◆ INSTRUCTIONS TO FOLLOW ◆
The answer consists solely of the data below, reproduced exactly.

◆ DATA EXTRACT ◆
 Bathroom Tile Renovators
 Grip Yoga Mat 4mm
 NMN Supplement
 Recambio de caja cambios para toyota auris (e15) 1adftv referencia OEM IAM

◆ RESPONSE TO THE TASK ◆
 Bathroom Tile Renovators
 Grip Yoga Mat 4mm
 NMN Supplement
 Recambio de caja cambios para toyota auris (e15) 1adftv referencia OEM IAM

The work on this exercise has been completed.